Don't parse XML/HTML with regex, use a proper XML/HTML parser and a powerful xpath query.
theory :
According to the compiling theory, XML/HTML can't be parsed using regex based on finite state machine. Due to hierarchical construction of XML/HTML you need to use a pushdown automaton and manipulate LALR grammar using tool like YACC.
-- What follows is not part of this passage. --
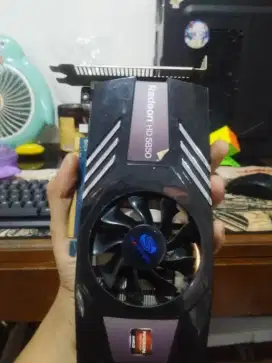 VGA AMD 5880 1gb ddr 5 256 bit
Check this thread too, why-its-not-possible-to-use-regex-to-parse-html-xml
realLife©®™ everyday tool in a shell :
You can use one of the following :
xmllint often installed by default with libxml2, xpath1
xmlstarlet can edit, select, transform... Not installed by default, xpath1
xpath installed via perl's module XML::XPath, xpath1
xidel xpath3
saxon-lint my own project, wrapper over #Michael Kay's Saxon-HE Java library, xpath3
or you can use high level languages and proper libs, I think of :
python's lxml (from lxml import etree)
perl's XML::LibXML, XML::XPath, XML::Twig::XPath, HTML::TreeBuilder::XPath
ruby nokogiri, check this example
php DOMXpath, check this example
Check: Using regular expressions with HTML tags
Fot this, you need an XML parser and xpath query in your shell, see:
$ xidel -se '//CLLI/text()' file.xml
When fixed your XML (opening/closing tag missmatch: TABLENANE/TABLENAME):
xmllint --xpath '//CLLI/text()' file
This command is installed with libxml2 and is far than exotic because it's installed by default on many Linux distros
Output
518
So now, you can retrieve all wanted values in shell variables, one example:
$ collectiondate=$(xidel -se '//COLLECTION_DATE/text()' file)
$ echo "$collectiondate"
But, please, don't use awk nor regex to parse XML.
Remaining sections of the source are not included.